Le succès de l’exposition universelle de Sydney en 1879-1880 — première organisée en Australie — et celui de son homologue accueillie par Paris en 1878 donnent l’impulsion nécessaire au gouvernement du Victoria pour organiser un événement de cette ampleur. Soucieux d’accroître la prospérité des terres du sud-est du continent, la tenue d’une exposition universelle apparaissait comme la solution idéale. La ville de Melbourne — dont la fondation ne remontait qu’à une cinquantaine d’années en arrière, entre 1835 et 1847 — était soucieuse de montrer son expansion rapide vis-à-vis des autres villes australiennes et notamment de Sydney. Le 14 novembre 1878, un premier décret pour l’organisation de l’exposition était adopté et l’inauguration eut lieu le 1er octobre 1880 en l’honneur de la reine Victoria. Intitulée “The International Exhibition of Arts, Manufactures and Agricultural and Industrial Products of all nations”, elle regroupait une vingtaine de nations.
C’est au nord de Melbourne, sur une parcelle dénudée que l’aménagement de somptueux jardins fut effectué pour accueillir l’imposant palais d’exposition. Les Carlton Gardens — dont la disposition actuelle n’a été que peu modifiée — adoptaient un plan simple conçu par les architectes Joseph Reed (1823-1890) et Frederick Barnes (1824-1884), également en charge de la conception du bâtiment. La partie sud des jardins, à la parfaite symétrie axiale, était destinée à accueillir le public et offrait une vue idéale sur le Royal Exhibition Building. Le tracé de 1880 comprenait des massifs arborés, des parterres de pelouse ainsi que deux lacs à l’usage tant décoratif qu’utilitaire — ils servaient notamment de réserve d’eau d’urgence en cas d’incendie. Placé au bout de l’avenue centrale des jardins, le Royal Exhibition Building est aujourd’hui précédé de la fontaine de Westgarth conçue pour l’exposition universelle de 1888-1889 et déplacée de son emplacement d’origine. Depuis l’an 2000, la partie centrale des jardins accueille quant à elle le Melbourne Museum et ses collections d’histoire naturelle, tandis que la partie nord a été complétée d’un nouveau parc au tracé symétrique agrémenté d’équipements sportifs.
Inspiré par le célébrissime Crystal Palace de 1851 conçu par l’architecte Joseph Paxton (1803-1865), le Royal Exhibition Building a par la suite accueilli l’exposition universelle de 1888-1889 marquant le centenaire de la fondation de la ville, ainsi que le tout premier Parlement de l’Australie fédérée, réuni le 1er mai 1901.
Architecte australien, Joseph Reed remporte en janvier 1854 le concours lancé par Melbourne pour la nouvelle bibliothèque municipale.

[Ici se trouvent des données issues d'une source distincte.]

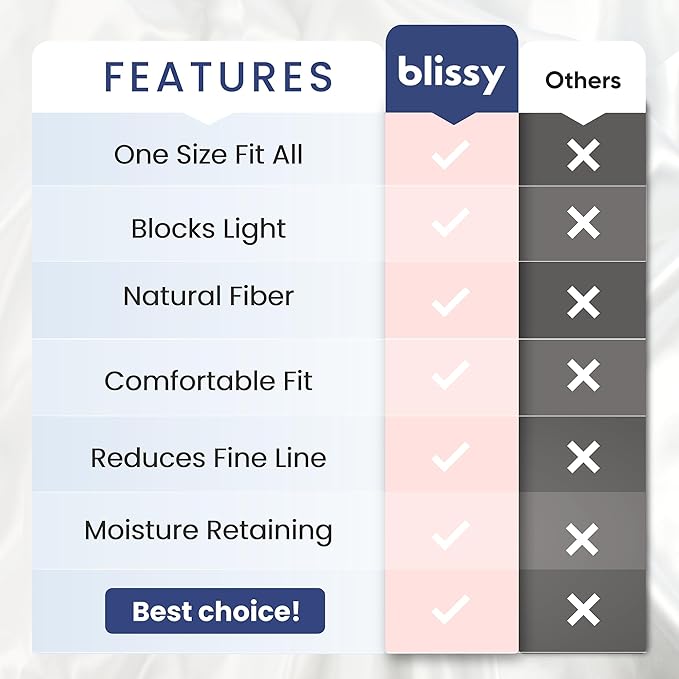 Blissy Silk Sleep Mask - Silk Eye Sleeping Mask for Women & Men for Total Blackout - Silk Eye Mask - 100% Pure Mulberry Silk, 22 Momme 6a Fibers - Blindfold Silk Sleep Mask Side Sleeper Eye Cover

En 1862, il s’associe à l’architecte Frederick Barnes et fonde un cabinet. Son voyage de 1863 en Europe, notamment en Italie, avait fortement influencé sa manière de penser et de concevoir l’architecture. Aujourd’hui considéré comme l’un des architectes australiens les plus éminents de l’époque victorienne, il propose dès 1878 une esthétique éclectique et classicisante. En mai 1878, son cabinet remporte le concours d’architecture lancé par la ville de Melbourne. Le chantier est confié à l’entrepreneur David Mitchell (1829-1916) — à qui l’on doit la reconstruction de la cathédrale Saint Patrick de Melbourne en 1850 —, et prévoit une durée de deux ans de travaux pour un budget d’environ 61 407 livres avec une superficie de 22 635 mètres carrés. La première pierre est posée le 19 février 1879 par le gouverneur de la colonie du Victoria. Cependant, des inquiétudes s’élèvent dès 1879 quant à l’exiguïté de l’espace destiné aux exposants. Remanié de toute urgence, le projet se complexifie et atteint finalement 84 298 mètres carrés de surface d’exposition (soit près de quatre fois plus que les projections d’origine). L’ensemble du complexe comprenait le hall central ainsi que deux ailes allouées à l’exposition des machines et aux produits relevant de l’industrie agricole. Afin de compléter l’intérieur de ce plan en U, « l’avenue des Nations » desservait de part et d’autre les espaces réservés à l’ensemble des pays participants.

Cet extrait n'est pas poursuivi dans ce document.